Abby couldn’t stop her alone, but who was going to help? Not Brother Lemon. No one carrying handcuffs and duct tape in their trunk was a real solution. Not Glee. Not Father Morgan, because he was gone, too. So Abby went to the toughest person she knew: Margaret.
Margaret had been out of school for weeks; probably being treated for anorexia privately in her home, where the Middletons could keep an eye on her. Before going to her house, Abby stopped by the Market and picked up a bunch of red carnations. On the way out, she spotted a pint of Frusen Gl?djé pralines and cream—Margaret’s favorite, but was that the sort of thing you took someone with anorexia? Abby wasn’t sure but decided to get it anyway. By now Margaret was probably bouncing back; nothing kept her down for long.
The Middletons had houses all over Charleston, but their downtown house was an enormous wooden pile on Church Street with the roots of a live oak busting up the sidewalk out front, cracking the first two brick steps that led to the door. It was an old Charleston single house, so it had two columned porches stacked up on the side, pulling the massive wooden wreck slowly to the right, collapsing gracefully in a two-hundred-year swoon.

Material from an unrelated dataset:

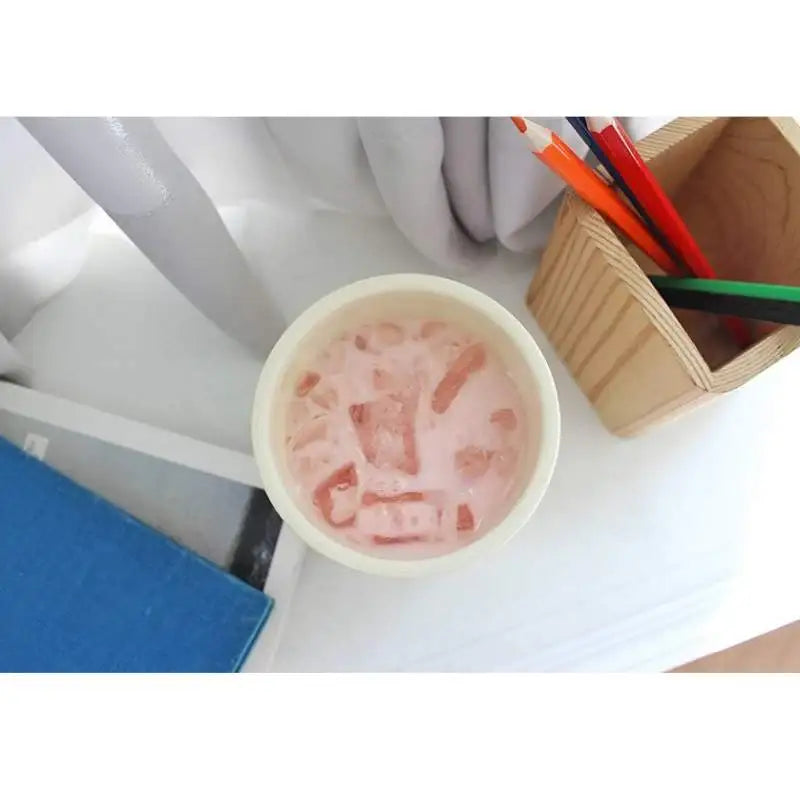 Molang - Face Cream Tumbler - Molang - Tumblers - Harumio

Abby parked on the street and rang the doorbell, heard the chimes echo deep inside the house, and then waited, scanning up and down the street to make sure no one spotted her. She didn’t know why, but she felt like she was doing something wrong. She rang again. Somewhere inside, an Irish setter barked. Finally she heard the front door crack open and a man yell:
“Beau, no! Stay, dummy.”
Heavy footsteps tromped across the porch, making the house shake, and then the door opened.
Riley stood in the doorway, looking down at Abby. He was too cool to admit he remembered her, if he even did.
“Hey,” Abby said, trying to sound cool. “I’m friends with Margaret. I came to see her?”
Riley slumped one shoulder against the door jamb and picked something from between his back teeth with a finger.
“She’s sick,” he said.
“I brought her Frusen Gl?djé,” Abby said, holding up the plastic bag. “It’s better when it’s soft, but I don’t want it to melt everywhere. And I got her flowers?”
Riley studied the tip of his spit-slicked forefinger for a minute, then threw the door wide and walked back into the house, the porch boards cracking and popping beneath his feet.